An additional top rate may apply to the highest-income taxpayers to ensure that the reformed tax code is at least as progressive as the existing tax code and does not shift the tax burden from high-income to lower- and middle-income taxpayers. The framework also envisions the use of a more accurate measure of inflation for purposes of indexing the tax brackets and other tax parameters.
Enhanced child tax credit and middle-class tax relief
The framework repeals the personal exemptions for dependents and significantly increases the Child Tax Credit. The first $1,000 of the credit will be refundable as under current law. In addition, the framework will increase the income levels at which the Child Tax Credit begins to phase out. The modified income limits will make the credit available to more middle-income families and eliminate the marriage penalty in the existing credit. The framework also provides a non-refundable credit of $500 for non-child dependents to help defray the cost of caring for other dependents.

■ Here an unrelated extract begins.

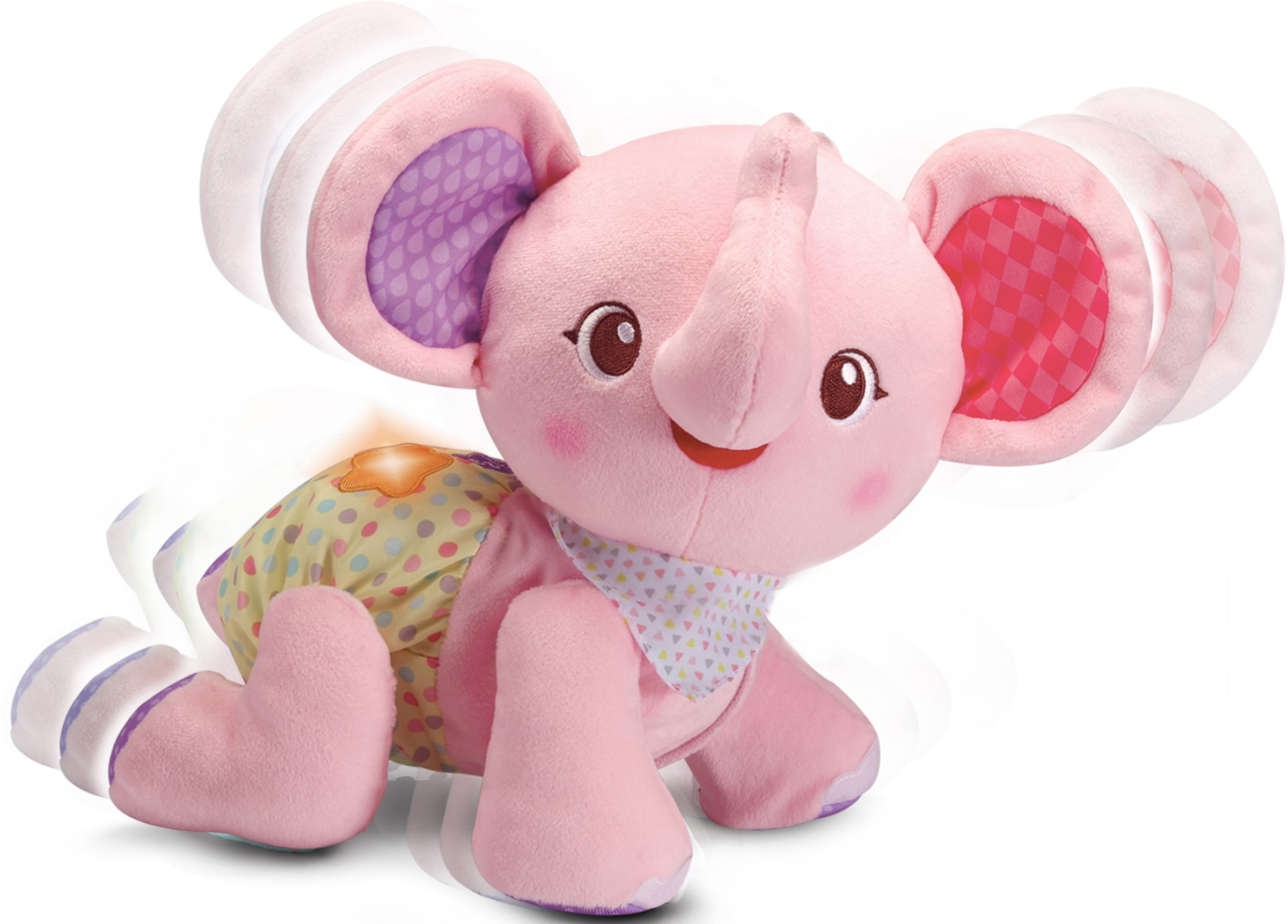 Kuscheltier »VTechBaby, Krabbel mit mir Elefant, pink«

Individual Alternative Minimum Tax (AMT)
The framework repeals the existing individual AMT, which requires taxpayers to do their taxes twice. The nonpartisan Joint Committee on Taxation (JCT) and the Internal Revenue Service (IRS) Taxpayer Advocate have both recommended repealing the AMT because it no longer serves its intended purpose and creates significant complexity.
The framework eliminates most itemized deductions, but retains tax incentives for home mortgage interest and charitable contributions.
Death and generation-skipping transfer taxes
The framework repeals the death tax and the generation-skipping transfer tax.
Tax rate structure for small businesses
The framework limits the maximum tax rate applied to the business income of small and family-owned businesses conducted as sole proprietorships, partnerships and S corporations to 25%. The framework contemplates that the committees will adopt measures to prevent the re-characterization of personal income into business income to prevent wealthy individuals from avoiding the top personal tax rate.
Tax rate structure for corporations
The framework reduces the corporate tax rate to 20%—which is below the 22.5% average of the industrialized world—and aims to eliminate the corporate AMT, as recommended by the non-partisan JCT. The committees also may consider methods to reduce the double taxation of corporate earnings.
“Expensing” of capital investments
The framework allows businesses to immediately write off (or “expense”) the cost of new investments in depreciable assets other than structures made after September 27, 2017, for at least five years. This policy represents an unprecedented level of expensing with respect to the duration and scope of eligible assets.
The deduction for net interest expense incurred by C corporations will be partially limited. The committees will consider the appropriate treatment of interest paid by non-corporate taxpayers.
Other business deductions and credits
The current-law domestic production (“section 199”) deduction will no longer be necessary. In addition, numerous other special exclusions and deductions will be repealed or restricted. The framework explicitly preserves business credits in research and development (R&D) and low-income housing, however.
Territorial taxation of global American companies
The framework will replace the existing worldwide tax system with a 100% exemption for dividends from foreign subsidiaries (in which the U.S. parent owns at least a 10% stake). The framework treats foreign earnings that have accumulated overseas under the old system as repatriated. Accumulated foreign earnings held in illiquid assets will be subject to a lower tax rate than foreign earnings held in cash or cash equivalents. Payment of the tax liability will be spread out over several years.
Stopping corporations from shipping jobs and capital overseas
To prevent companies from shifting profits to tax havens, the framework includes rules to protect the U.S. tax base by taxing at a reduced rate and on a global basis the foreign profits of U.S. multinational corporations. The committees will incorporate rules to level the playing field between U.S.-headquartered parent companies and foreign-headquartered parent companies.